DATA BELOW:
=====
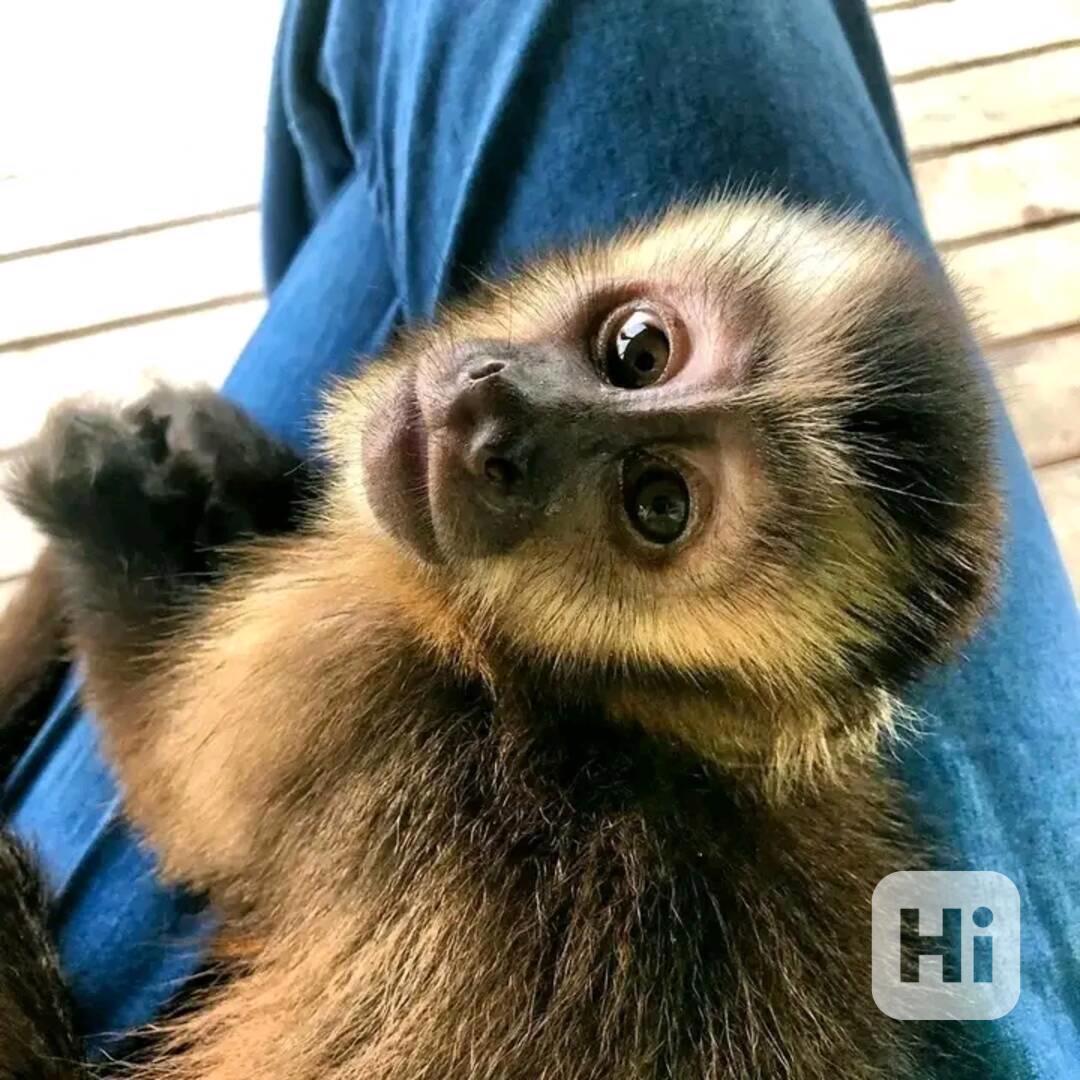  Velmi krásné kapucínské opice  - foto 1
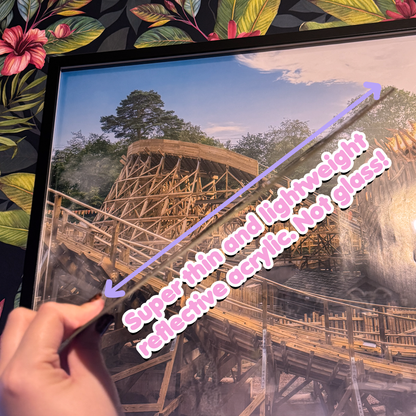 Oopsie! Gothic Style "Theme Park Enthusiast" Mirror Art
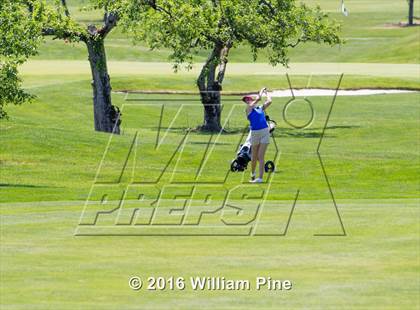 Thumbnail 1 in Section  9 Championship (Day 1) photogallery.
=====
Wherever a picture appears in the material above, skip it and copy the rest without change.

  Velmi krásné kapucínské opice  - foto 1
 Oopsie! Gothic Style "Theme Park Enthusiast" Mirror Art
 Thumbnail 1 in Section  9 Championship (Day 1) photogallery.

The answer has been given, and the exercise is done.